Having spent more than two decades working with over 60 families, it is an all-familiar story and one that ultimately led me to do this work. The father is often so busy running the show, highly pressured and working every hour possible, that the children feel neglected and have little understanding as to why their father is never around, or even what he does. Resentment creeps in, the family dynamics become fraught and ultimately the business suffers. This of course happens in families all the time, but when there is money and potentially hundreds or thousands of lives at risk, the consequences can be devastating.
Just as every company or organisation benefits from having strong relationships, families also thrive when members feel able to share and communicate effectively. Many of the families I work with acknowledge the importance of establishing an intellectual and practical governance, but they often negate the one component that I believe is at the heart of any ‘healthy’ family business – emotional governance. Can everyone understand, use and manage their emotions? Is everyone able to express how they truly feel? Are they willing to be vulnerable? Do they trust they will be listened and heard? These are of course fundamental human values that we all seek in any relationship but are often overlooked when the daily grind becomes the key focus.
The conversation that I refer to earlier, is a wonderful example of a family who lacked the emotional framework and didn’t feel able to say what was really going on for them. They had avoided uncomfortable conversations, because…well they were uncomfortable! Humans have become conditioned to avoid conflict, believing it easier to just carry on and not upset the status quo. Whilst it may seem easier in the short-term, I can personally attest that in the long-term it is much more beneficial to speak your truth and be authentic. By creating a ‘safe space’ for them to all share their story, they connected on a deeper level.
Manual policies and procedures are of course necessary elements within family governance, but without the human element everything else is redundant. By creating a ‘safe space’ for the daughters to sit down with their father, they learnt what he does, why he does it and how he does it – they understood him.

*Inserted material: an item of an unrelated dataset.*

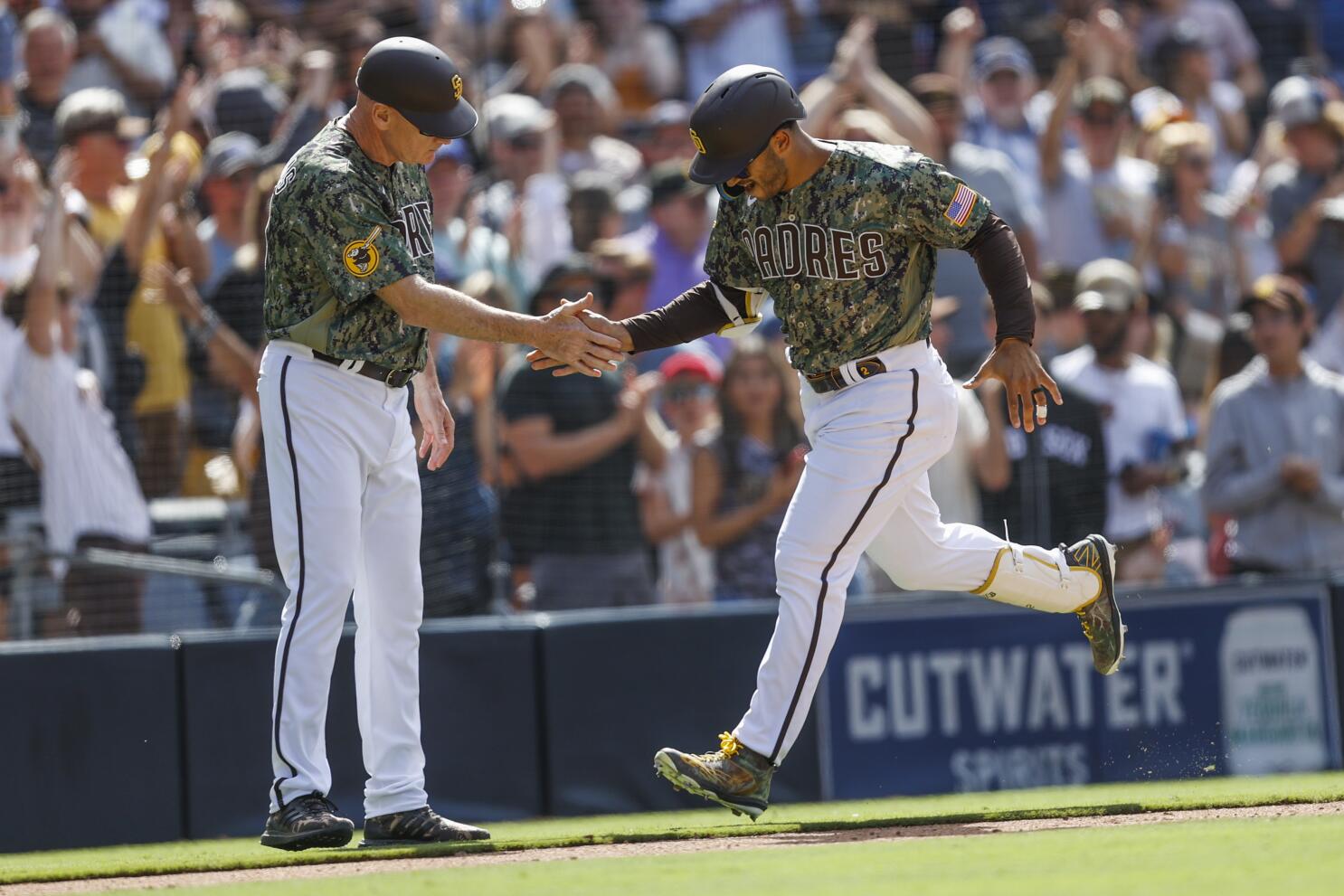 Tony Kemp's 8th-inning homer lifts A's over Yankees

The only way to learn how another person behaves and operates is to actually spend time with them. It is only then that you discover what makes them ‘tick’ – what their strengths are, what their weaknesses are and how they engage with others; essentially how they ‘live and show’ up in the world. Until now the daughters had never witnessed their father in action, and consequently had little interest in the business and no idea as to what they could contribute. This insight was invaluable, and demonstrated how much smoother transitions from one generation to the next would be if families spent more time together, both inside and outside of the business.
Without ‘investing’ in the emotional and relational transactions we have with one another, we can only ‘assume’ why someone behaves the way they do. Holding a ‘safe space’ regularly is something I encourage all my families to do. Don’t wait until there is a problem or issue to arise and instead approach it as regular health check-up. Prevention and preparation can identify risks early on and will generate ‘wealth’ that lasts for generations to come.